The feature set is limited, but that has an upside: there isn’t much to set up. As each PC gets its local software, it’s added to the Dashboard where you create scheduled backups jobs for it. Backup sources are added by browsing each PC’s local drives from the Dashboard, and you can decide whether wake-on-LAN-enabled PCs will be woken. The appliance maintains one backup schedule for all clients, in which you set a time window and decide how long to keep daily, weekly and monthly backups.
WSSE applies VSS snapshots and block-level deduplication across all PC backups to reduce storage demands, and after the first backup subsequent jobs will be quicker. When a backup job begins, it starts the Volume Shadow Copy service on the source PC – but annoyingly, the appliance can run only one backup job at a time.
General file-copy performance is reasonable, but won’t worry Qnap or Synology. Drag-and-drop copies of a 2.52GB video clip over Gigabit returned read and write speeds of 78MB/sec, while copying a 17.4GB folder of 10,500 files to the appliance averaged a modest 41MB/sec.
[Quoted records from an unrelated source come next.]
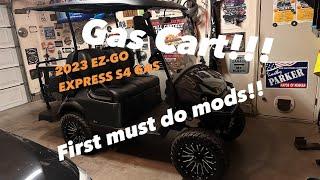 Gas golf cart 2023 ez go express s4 gas first must do mods!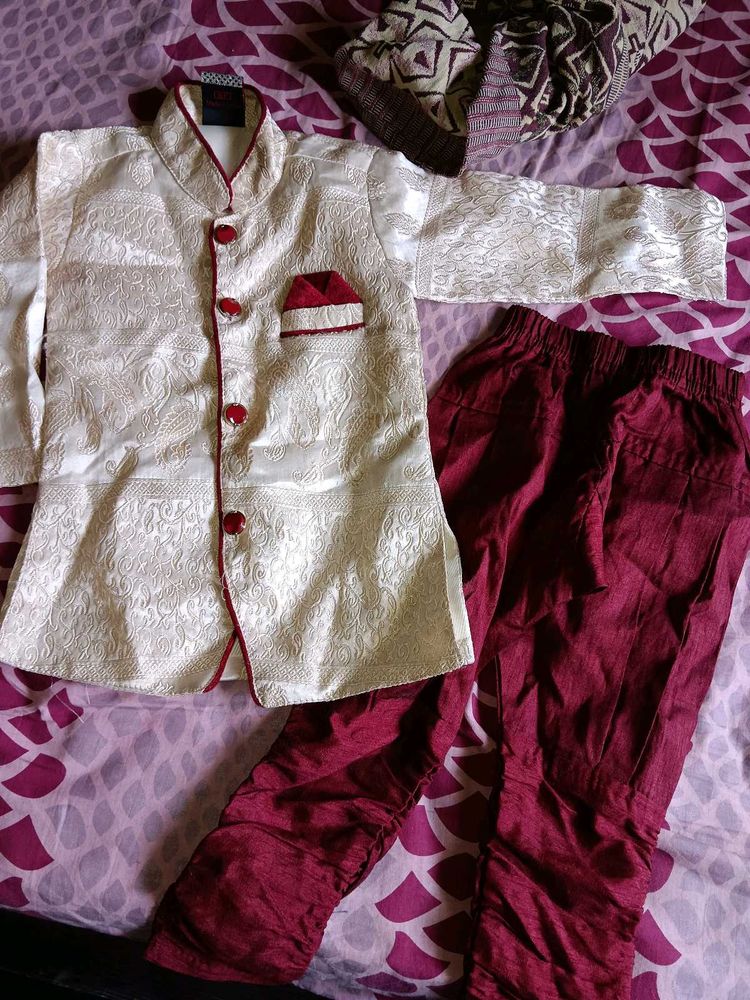 Boy&#39;s Cream &amp; Maroon Sherwani Set
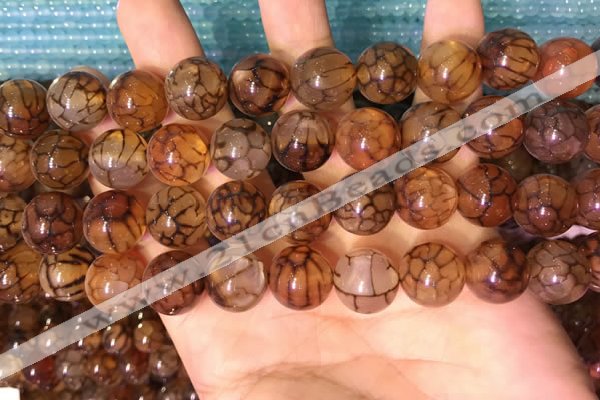 CAA5058 15.5 inches 12mm round dragon veins agate beads wholesale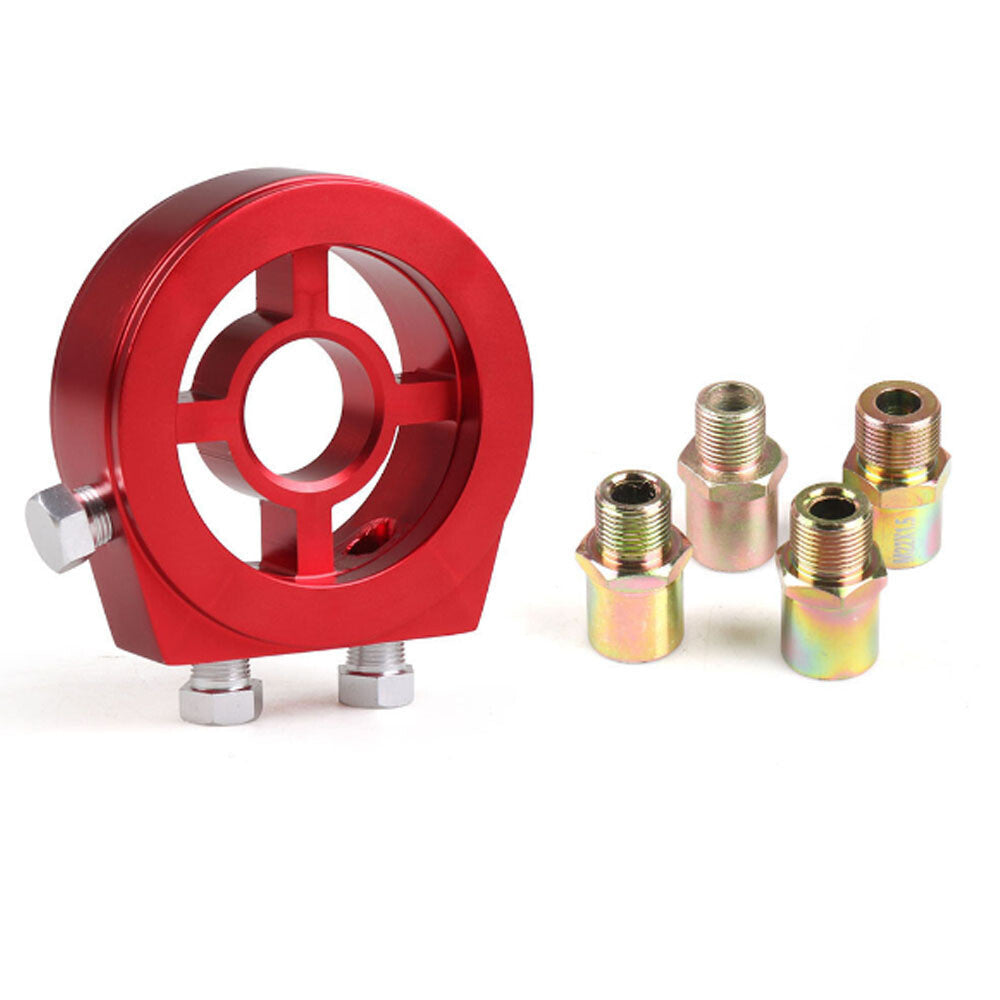 Oil Filter Pressure Cooler Sandwich Plate 1/8 Npt Adapter Sensor Red Q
We secured a 48GB system drive on a Windows 7 PC in 51 minutes, and saw the backup used only 22GB on the appliance – so deduplication was clearly working. Restoring files and folders is swift: select the PC in question, choose a backup job, what you want restored and where to put it.
For bare-metal recovery, put a USB stick into the appliance: it runs a wizard to turn it into a bootable WSSE Full System Restore disk. In our tests, this worked well. We used the stick to boot a backed up Windows 7 PC, followed the wizard to connect to the appliance, selected the desired backup and left it to restore.
There’s always a premium to pay for Windows Storage Server-powered NAS boxes, but the Sentinel DX4000 is reasonably priced. It’s easy to deploy and the remote web access, automated backup and bare-metal recovery features are very good, but we’d urge you to look at Qnap’s TS-459 Pro II for a superior feature set and performance.